La Vallée (Obscured by Clouds) (1972)
(Tuesday, September 12, 7pm) Pink Floyd wrote some of their softer songs for their second collaboration with director Barbet Schroeder. Their ambient sounds are little more than noodling, though it’s worth waiting for the electrifying climactic passage that carries over into the final credits. The score suffers in comparison, though, with Popol Vuh’s synth score for Werner Herzog’s Aguirre, Wrath of God, a superior 1972 film about white explorers seeking an earthly paradise.
Schroeder cast his wife Bulle Ogier as Viviane, the repressed wife of the French consul in Melbourne; she starts an affair in Papua New Guinea with an explorer (Michael Gothard). When he, another man, two women, and a boy head into the bush to seek the feathers of a rare exotic bird, Viviane accompanies them. Their encounters with the isolated Mapuga tribe teaches her more about enlightenment than the vague free-love credo of the white travelers.
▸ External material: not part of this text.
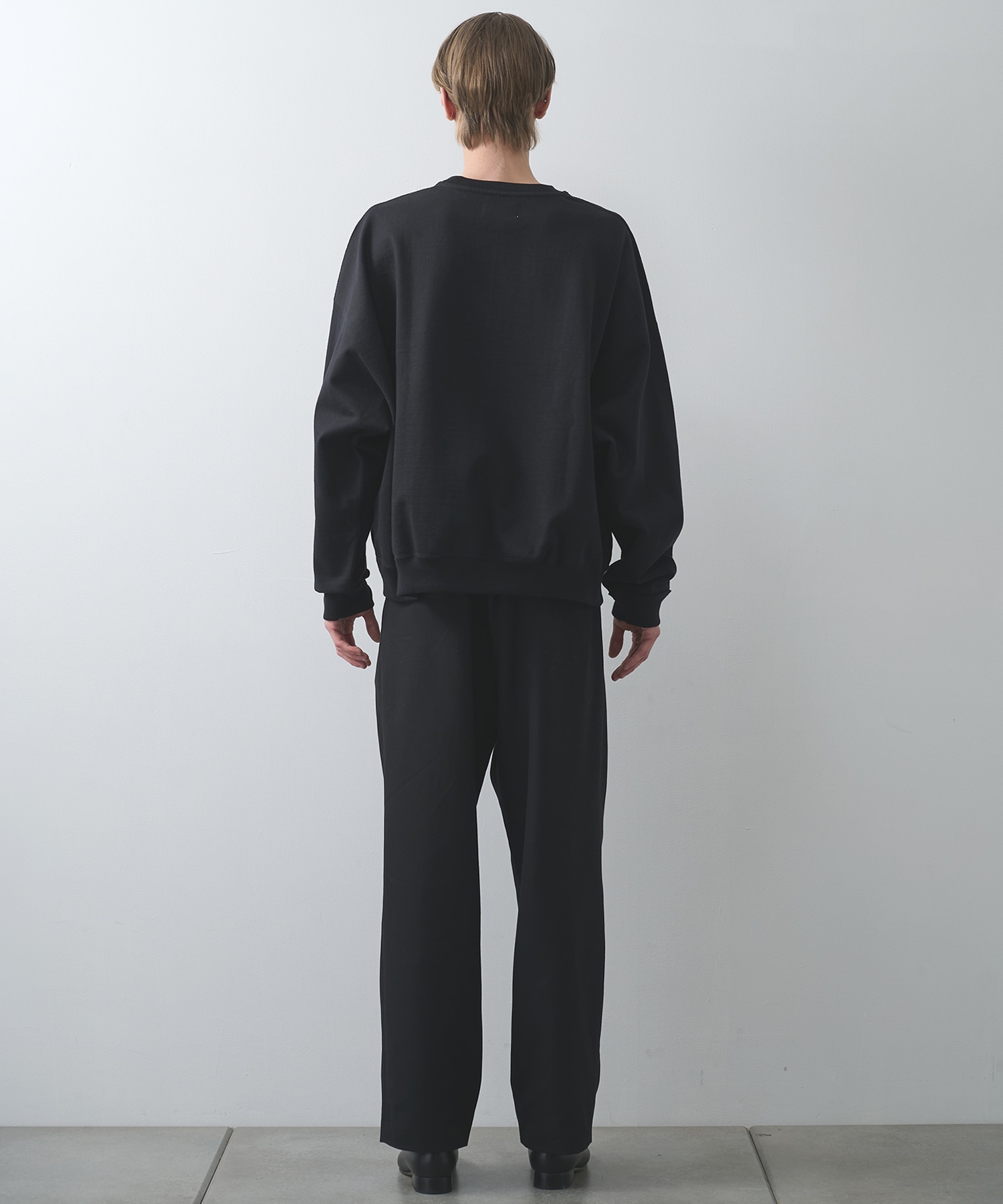 オーガニックコットンヘビー吊裏毛 / ヒュージスウェットショート MARKAWARE/marka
“Obscured by clouds” refers to the mystical paradise region glimpsed in the distance at the end of the film. Pink Floyd named their album for it after falling out with the film’s production company.
Zabriskie Point (1970)
(Tuesday, September 12, 9.10pm) The only film Michaelangelo Antonioni shot in America, Zabriskie Point (1970) was a box-office disaster, but it now looks revelatory as a documentary-style counter-cultural drama. Sam Shepard contributed to the screenplay, and it clearly fueled his collaboration with Wim Wenders on Paris, Texas, as well as Bruno Dumont’s anti-Valentine to America, Twentynine Palms, perhaps even Terrence Malick’s Badlands.
Mark (Mark Frechette), an apolitical student with his own methods of radical action, walks out of an L.A. campus strike meeting but participates in the ensuing riot, during which a policeman is shot. He then steals a private Cessna from Hawthorne airport and flies east to Death Valley. He starts to swoop down and buzz a young secretary, Daria (Daria Helprin), who’s driving to Phoenix, ostensibly to meet her boss (Rod Taylor), a real-estate mogul who’s selling off tracts of the desert.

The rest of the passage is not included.